1. 2

  2. 1

    Good scenario to learn from (and avoid). Here is my short summary of the article:

    (2019) Upgraded Prod ubuntu servers from 2013 LTS to 2019. Upgrade required code/script changes. All was done, all was working well first 24 hours.

    Then started seeing “missing semaphores” (that were used by shopify/semian library).
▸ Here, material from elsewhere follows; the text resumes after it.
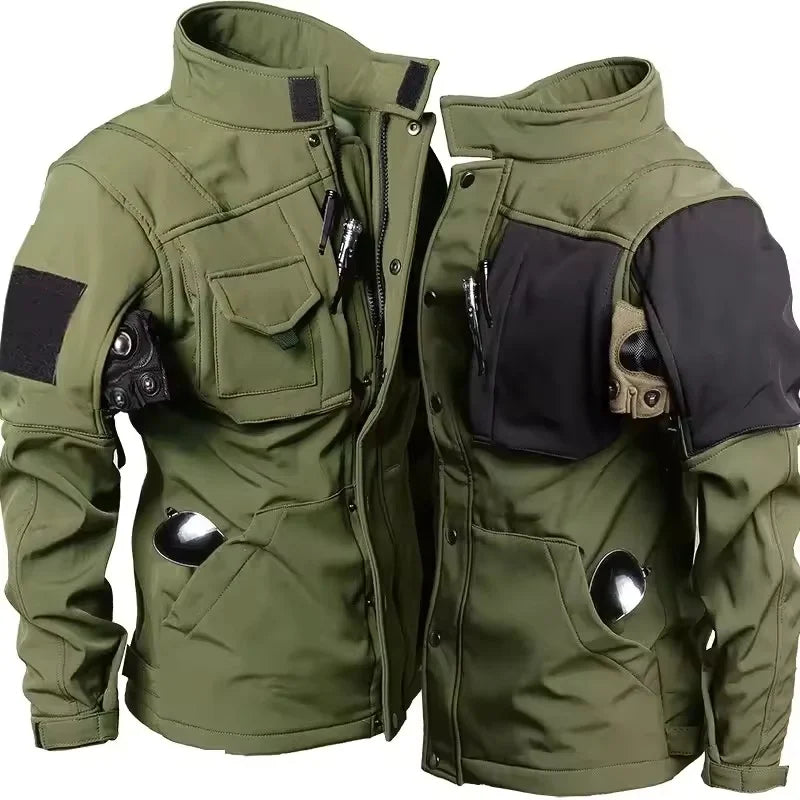 Conjunto táctico impermeable de piel de tiburón para hombre, chaqueta de combate de forro polar grueso y suave, pantalón cargo cálido a prueba de viento, conjunto de 2 piezas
After much trouble shooting, it turns out that new Ubuntu’s system service logind was clearing up IPC queues, and the semaphore error message was coming up from that user account

    “.. A quick check-in with the service’s provisioning code confirmed that the account in question did in-fact live in user space, and remedial action would be to change default behaviour by setting RemoveIPC=no in /etc/systemd/logind.conf, or move the account to system space where it would be unaffected. ..”

    “ … Summed up succinctly, the service’s Unix account was in user space, whenever it was logged into then logged out of, all Inter Process Communication (IPC) resources would get cleaned up, of which semaphores are a part of. From the system’s perspective, semaphores were not missing, they were cleaned up as expected and it was the service that was misbehaving by trying to refer to semaphores that were no longer there. …”

    and the reason why it happened only after about 24 hour, is that login action was performed periodically to clear up logs, and that’s when logind was causing the IPC queue removal.